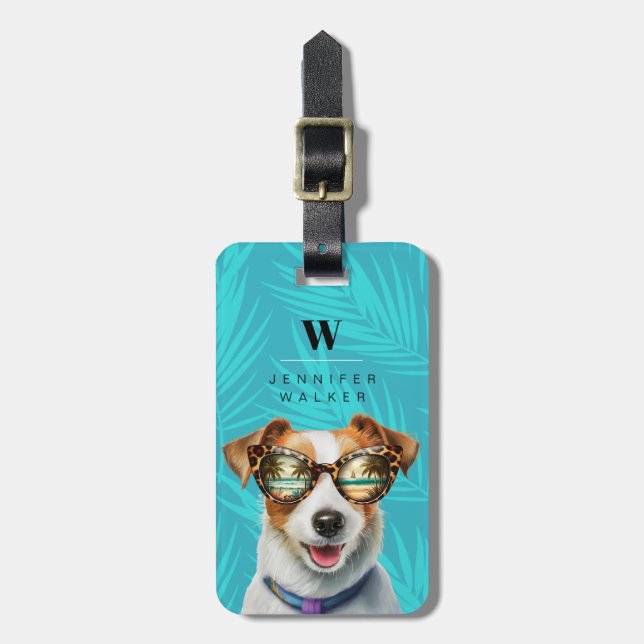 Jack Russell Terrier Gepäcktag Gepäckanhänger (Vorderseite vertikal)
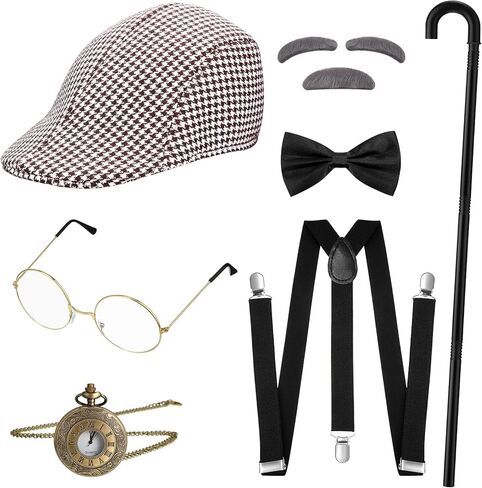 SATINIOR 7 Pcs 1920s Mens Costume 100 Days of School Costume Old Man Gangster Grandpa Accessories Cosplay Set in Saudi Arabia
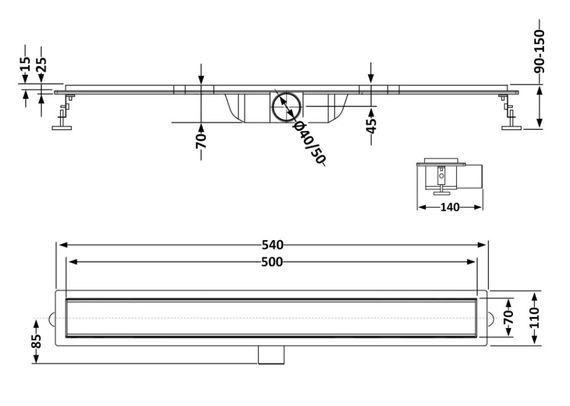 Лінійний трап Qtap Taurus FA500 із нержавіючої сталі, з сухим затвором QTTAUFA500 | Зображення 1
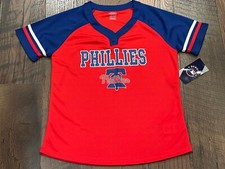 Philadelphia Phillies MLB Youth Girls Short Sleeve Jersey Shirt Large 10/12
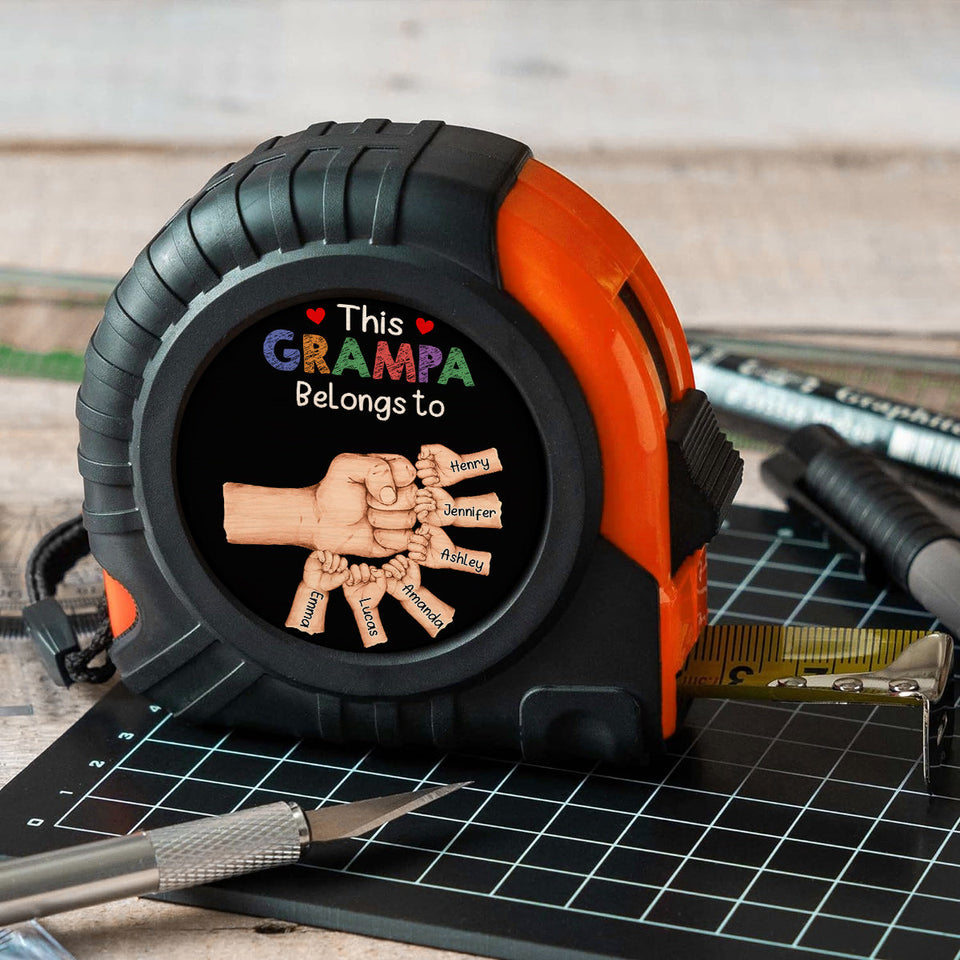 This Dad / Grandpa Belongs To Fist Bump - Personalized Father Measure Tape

§ **Task brief**:
Pictures excluded, return exactly the lines from the one with "Лінійний трап Qtap" through the final line of the entries above, both included.

§ **Answer to this task**:
 Лінійний трап Qtap Taurus FA500 із нержавіючої сталі, з сухим затвором QTTAUFA500 | Зображення 1
 Philadelphia Phillies MLB Youth Girls Short Sleeve Jersey Shirt Large 10/12
 This Dad / Grandpa Belongs To Fist Bump - Personalized Father Measure Tape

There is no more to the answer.